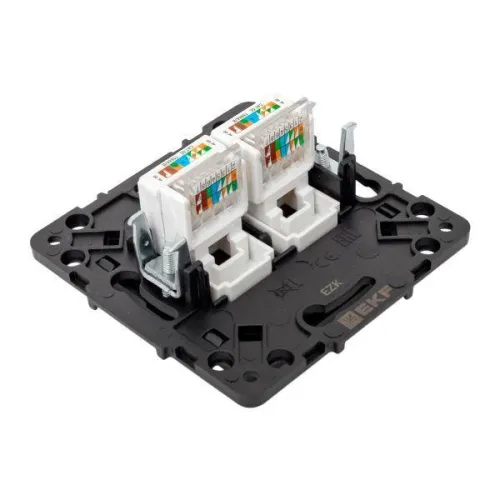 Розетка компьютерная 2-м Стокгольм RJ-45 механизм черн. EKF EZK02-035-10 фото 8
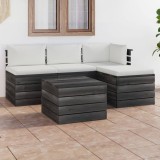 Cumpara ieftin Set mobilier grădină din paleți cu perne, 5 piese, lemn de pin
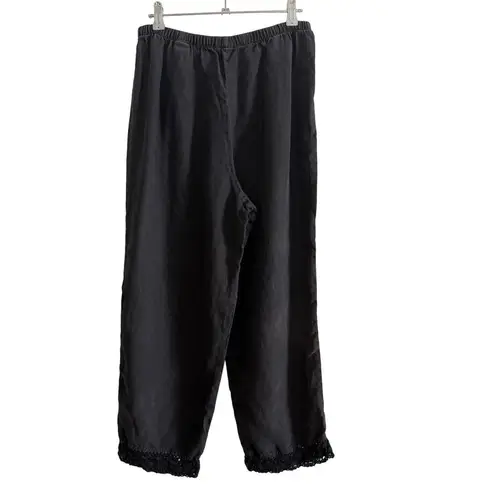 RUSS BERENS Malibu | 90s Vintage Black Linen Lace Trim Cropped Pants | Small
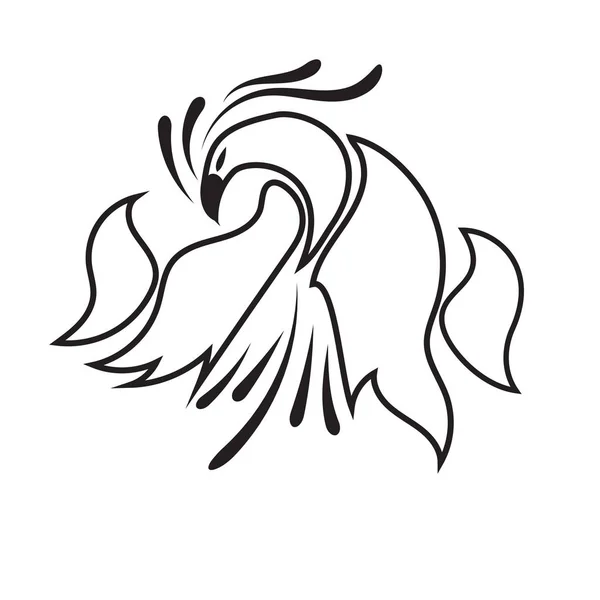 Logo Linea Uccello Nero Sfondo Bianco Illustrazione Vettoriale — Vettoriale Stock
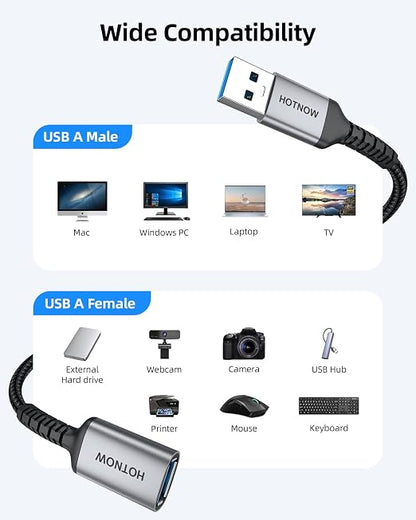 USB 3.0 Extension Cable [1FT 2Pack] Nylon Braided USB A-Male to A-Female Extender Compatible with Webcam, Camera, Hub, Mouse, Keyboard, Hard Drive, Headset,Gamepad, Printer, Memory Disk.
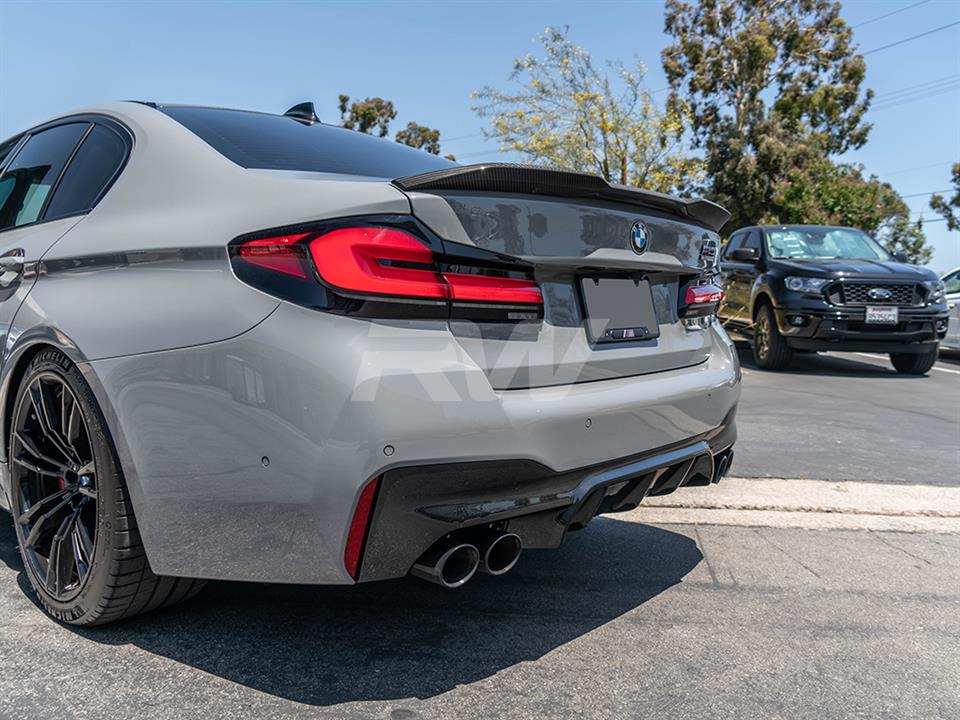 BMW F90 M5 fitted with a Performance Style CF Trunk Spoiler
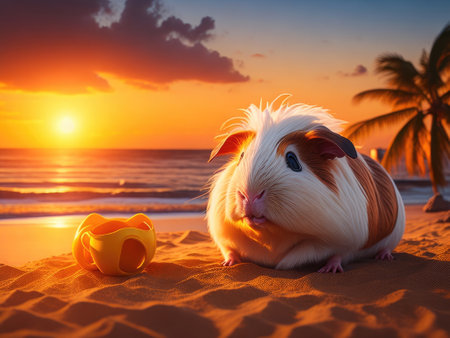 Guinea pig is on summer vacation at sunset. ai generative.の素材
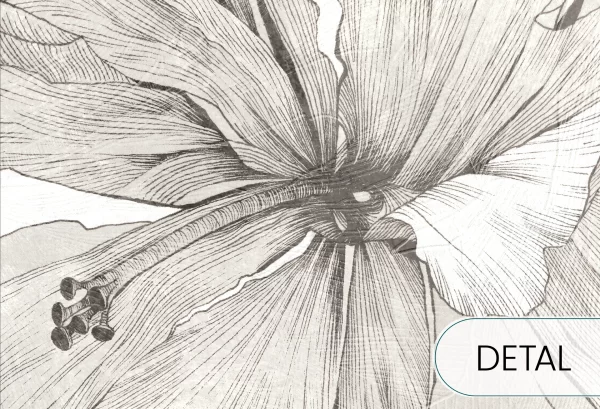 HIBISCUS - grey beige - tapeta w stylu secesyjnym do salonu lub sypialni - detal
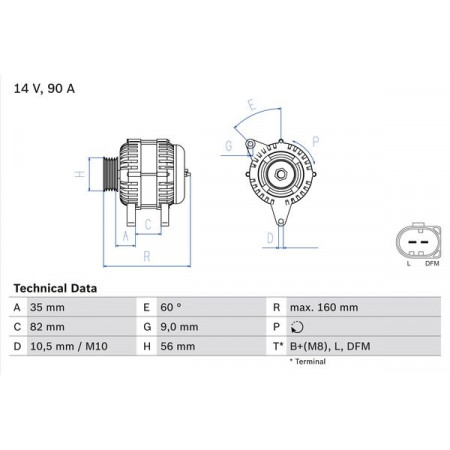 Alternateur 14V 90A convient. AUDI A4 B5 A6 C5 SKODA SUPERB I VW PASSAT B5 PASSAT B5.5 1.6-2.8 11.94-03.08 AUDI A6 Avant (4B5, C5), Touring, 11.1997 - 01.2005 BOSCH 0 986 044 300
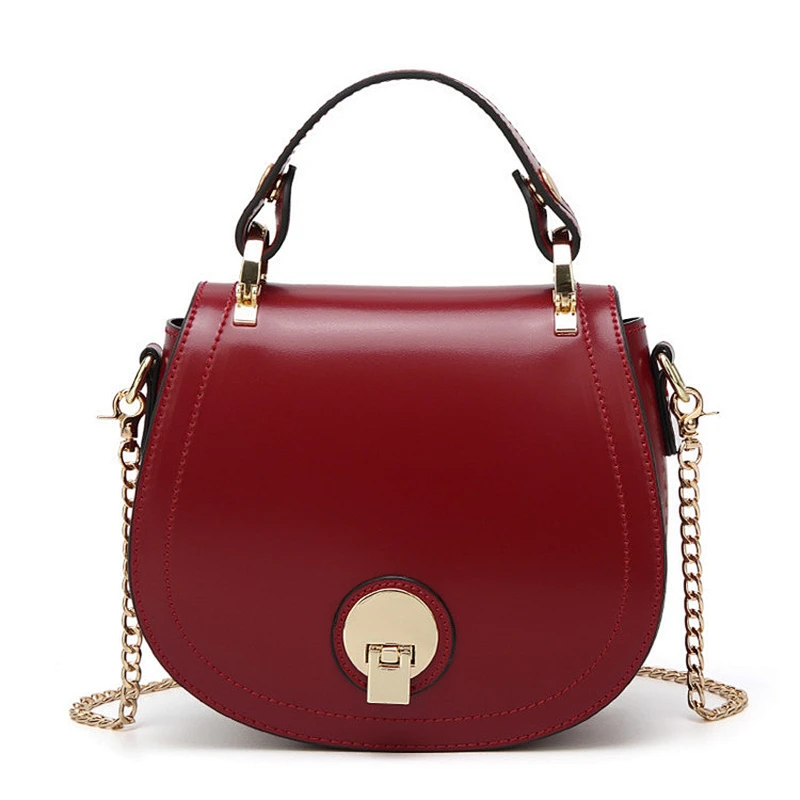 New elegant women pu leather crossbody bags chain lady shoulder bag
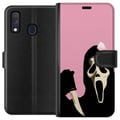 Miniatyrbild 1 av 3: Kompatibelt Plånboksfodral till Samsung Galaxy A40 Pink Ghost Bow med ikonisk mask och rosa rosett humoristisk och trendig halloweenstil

● ● ● ● ●

_What needs to be done_: Reproduce exactly the line containing "Cumpara ieftin Set" and every line after it in the material above, up to and including the last. Exclude all pictures.

_Response below_:
 Cumpara ieftin Set mobilier grădină din paleți cu perne, 5 piese, lemn de pin
 RUSS BERENS Malibu | 90s Vintage Black Linen Lace Trim Cropped Pants | Small
 Logo Linea Uccello Nero Sfondo Bianco Illustrazione Vettoriale — Vettoriale Stock
 USB 3.0 Extension Cable [1FT 2Pack] Nylon Braided USB A-Male to A-Female Extender Compatible with Webcam, Camera, Hub, Mouse, Keyboard, Hard Drive, Headset,Gamepad, Printer, Memory Disk.
 BMW F90 M5 fitted with a Performance Style CF Trunk Spoiler
 Guinea pig is on summer vacation at sunset. ai generative.の素材
 HIBISCUS - grey beige - tapeta w stylu secesyjnym do salonu lub sypialni - detal
 Alternateur 14V 90A convient. AUDI A4 B5 A6 C5 SKODA SUPERB I VW PASSAT B5 PASSAT B5.5 1.6-2.8 11.94-03.08 AUDI A6 Avant (4B5, C5), Touring, 11.1997 - 01.2005 BOSCH 0 986 044 300
 New elegant women pu leather crossbody bags chain lady shoulder bag
 Miniatyrbild 1 av 3: Kompatibelt Plånboksfodral till Samsung Galaxy A40 Pink Ghost Bow med ikonisk mask och rosa rosett humoristisk och trendig halloweenstil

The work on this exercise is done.